Feb 15, 2016

Inspiring Documentary


Normally every Friday night at our house is pizza and movie night. The movie selection this past Friday was a documentary entitled, "Fed Up". So, of course we're sitting in front of the tv shoving our mouths full of pizza while watching a film that documents America's poor eating habits and addiction to sugar. Apropos.

This is one of those things that once you learn, you can't unlearn. Once you know something, you are now responsible for what you're going to do with it. Kind of like what happened when we watched Food, Inc. 

So we had a family talk and all agreed that we should probably better monitor our sugar intake. We did a great job of this years ago. I had the crazy rule (that I borrowed from Michael Pollan) when the kids were younger that we could only eat sugar on a day that started with "s". So, basically on the weekends the kids could indulge in sugar ladened products but would try to make healthier choices during the week with real food. That served us pretty well for many years. But as they got older, our rules got laxer.

The kids took this message to heart. I was surprised by how convicted they felt. We kinda all agreed to go back to our sugar only on the weekends again. I even took them to the store with me the next day (we all know what a feat of heroism that is!) when I did my grocery shopping so they could have a part in making healthy food choices for the week.
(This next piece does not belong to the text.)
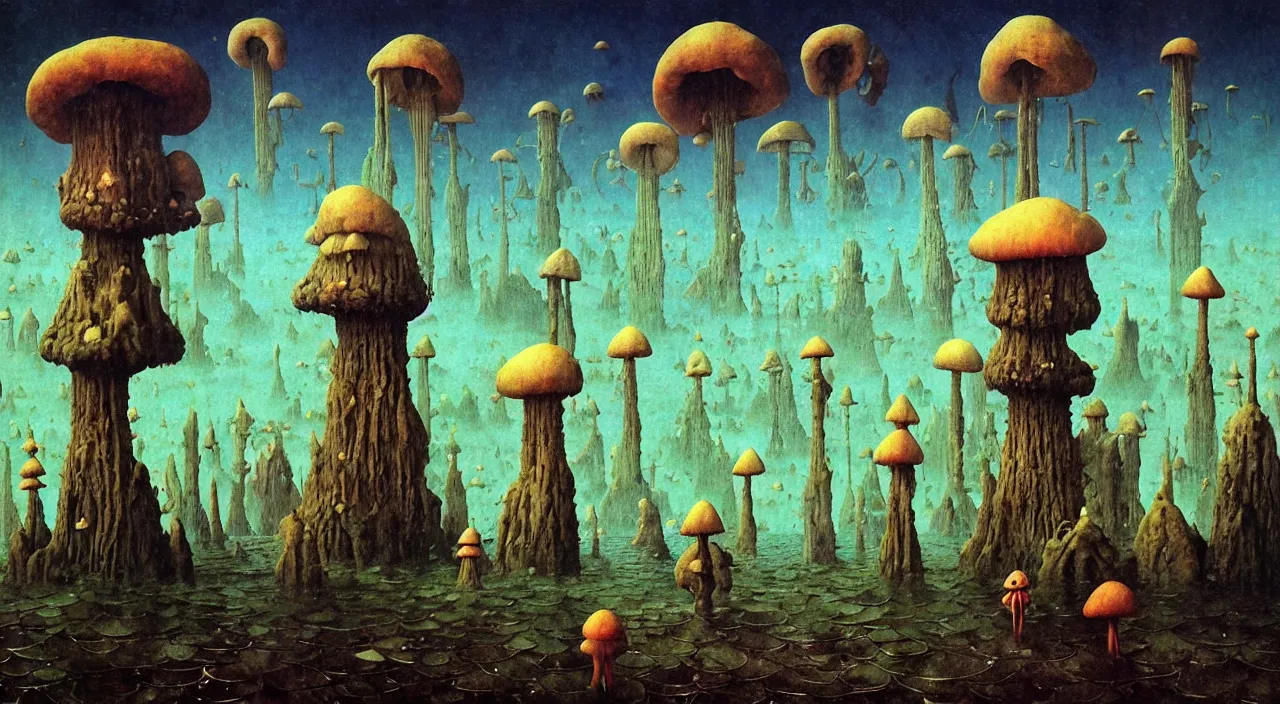 Image similar to single flooded simple!! ( lovecraftian ) toadstool tower anatomy, very coherent and colorful high contrast masterpiece by norman rockwell franz sedlacek hieronymus bosch dean ellis simon stalenhag rene magritte gediminas pranckevicius, dark shadows, sunny day, hard lighting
They paid close attention to the sugar content in packaged foods and tried hard to pick only real foods. We agreed that soda was completely out. I also decided to learn how to cook more tastey vegetable sides. We knew all this change was for the best, even though it would initially be hard.

I absolutely love how the kids had a hand in all this. They are owning their choices, not just doing what we say. We are by no means turing into health food fanatics or growing our own vegetables (I suck at gardening) or going off the deep end with this. We want there to be balance in the whole endeavor. If we go cold turkey - this will never work. But we've decided to be more purposeful in our food choices. But that is very hard when sugar is the driving force behind every single snack food flooding your frontal cortex. We are inundated with sugar. We've become desensitized to it. It's become such the norm that going without it seems somehow 'un-normal'.

One more way the Mallotts like to go against the grain I guess.